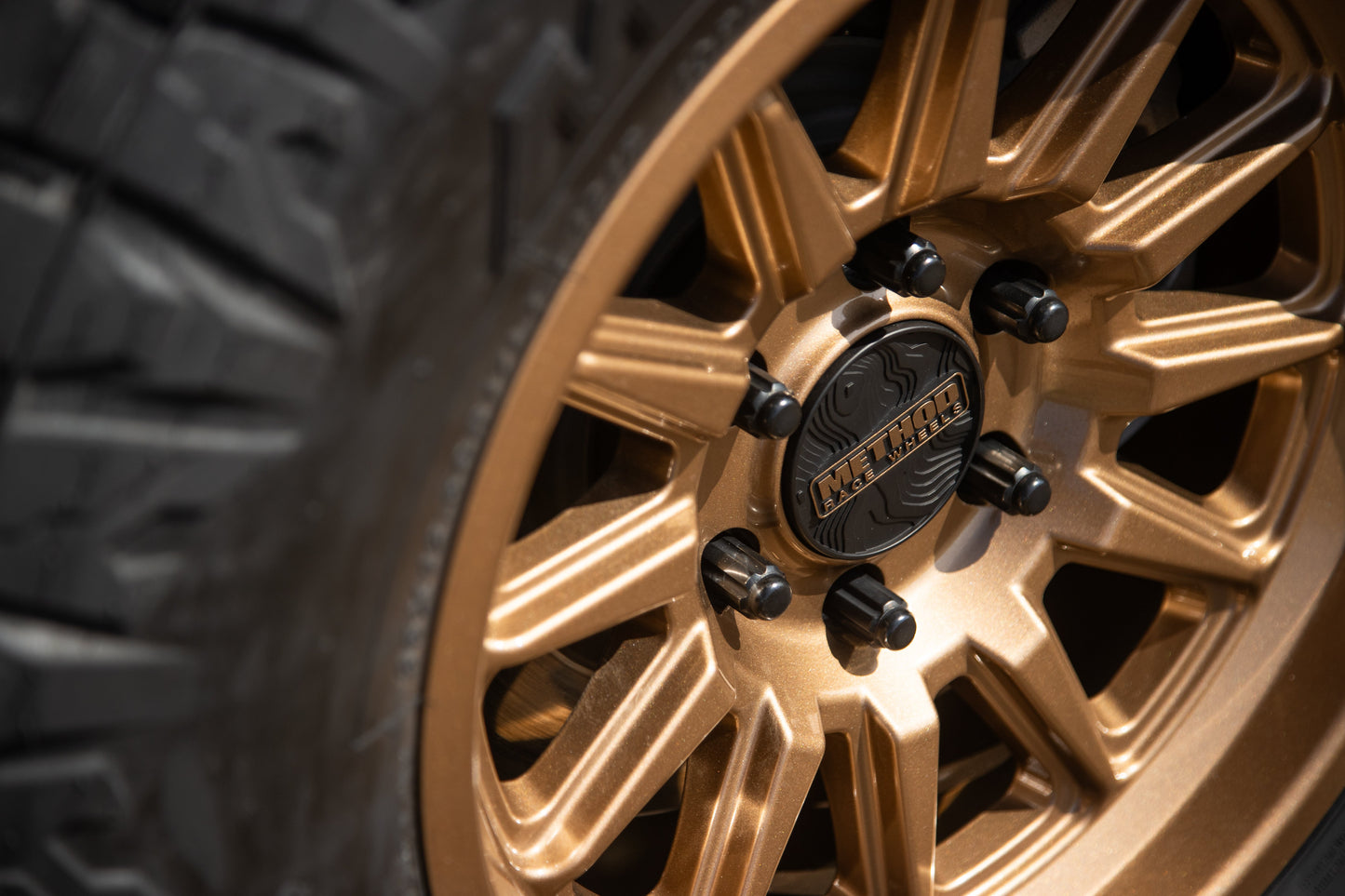 323 | Gloss Bronze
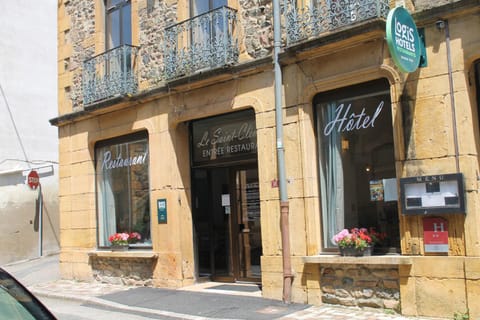 Facade/entrance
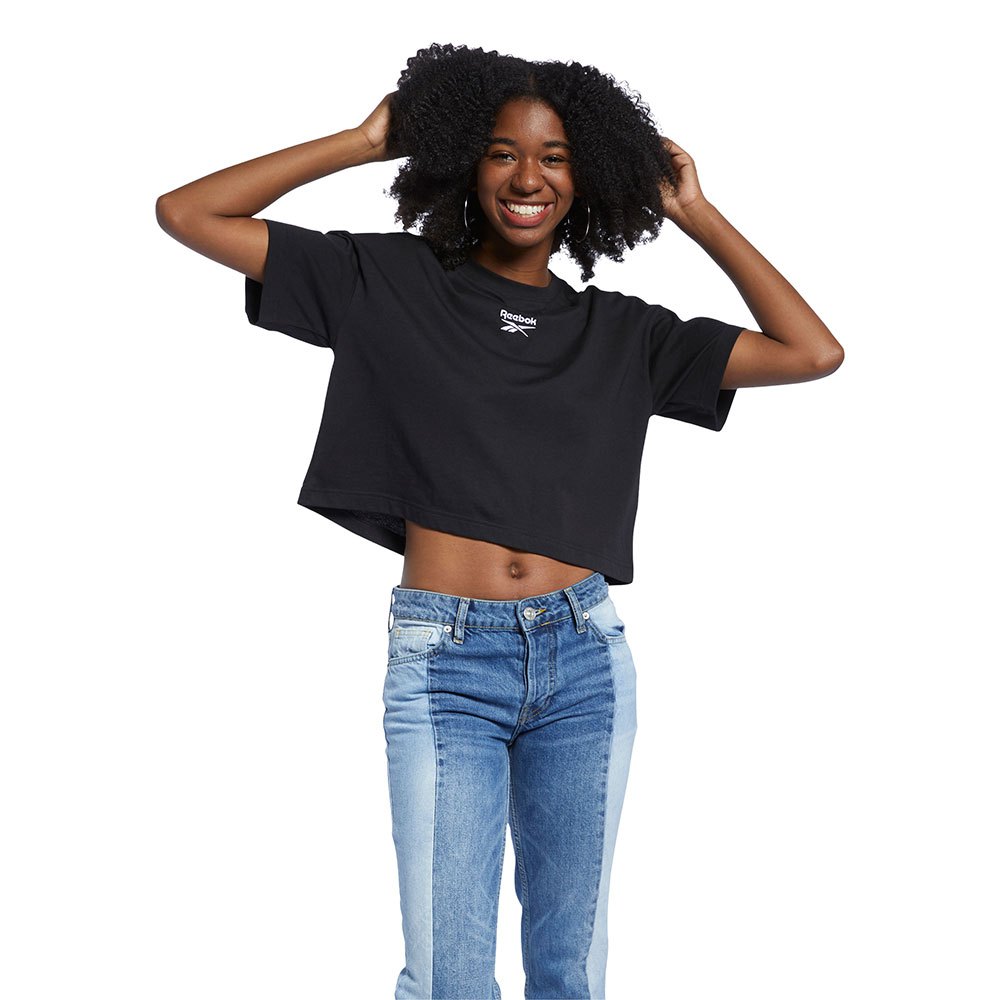 Reebok – Kurz geschnittenes T-Shirt in Schwarz mit kleinem, mittigem Logo günstig online kaufen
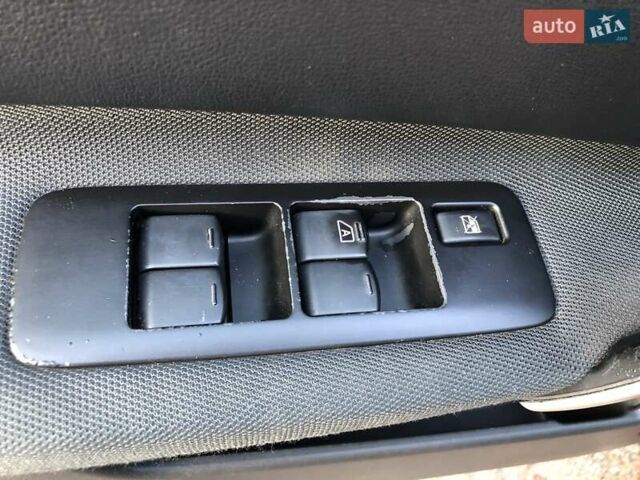 Красный Ниссан Кашкай, объемом двигателя 0 л и пробегом 164 тыс. км за 12690 $, фото 51 на Automoto.ua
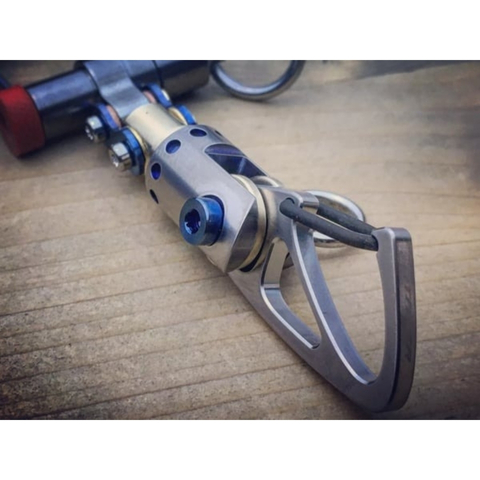 EDC KEYCHAIN BI-CARABINER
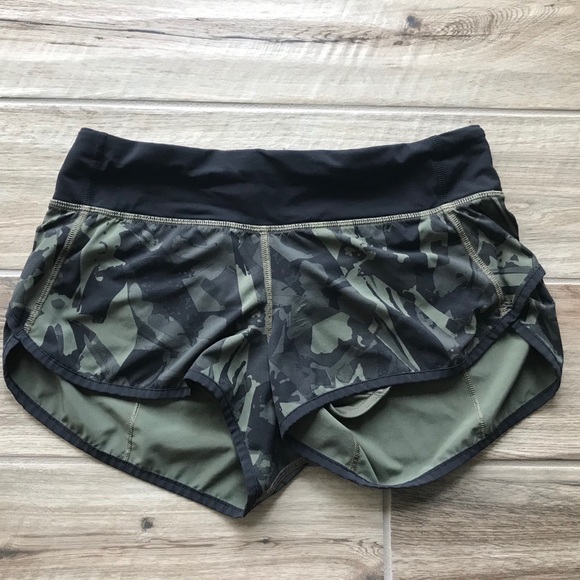 lululemon athletica Pants - Lululemon Speed Shorts - Camo Pop Cut Fatigue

------------------------------------------------------------

The range to print runs from the line with "Reebok – Kurz" through the last line of the entries, both included; keep it exact and skip the pictures.

WRITTEN REPLY |
 Reebok – Kurz geschnittenes T-Shirt in Schwarz mit kleinem, mittigem Logo günstig online kaufen
 Красный Ниссан Кашкай, объемом двигателя 0 л и пробегом 164 тыс. км за 12690 $, фото 51 на Automoto.ua
 EDC KEYCHAIN BI-CARABINER
 lululemon athletica Pants - Lululemon Speed Shorts - Camo Pop Cut Fatigue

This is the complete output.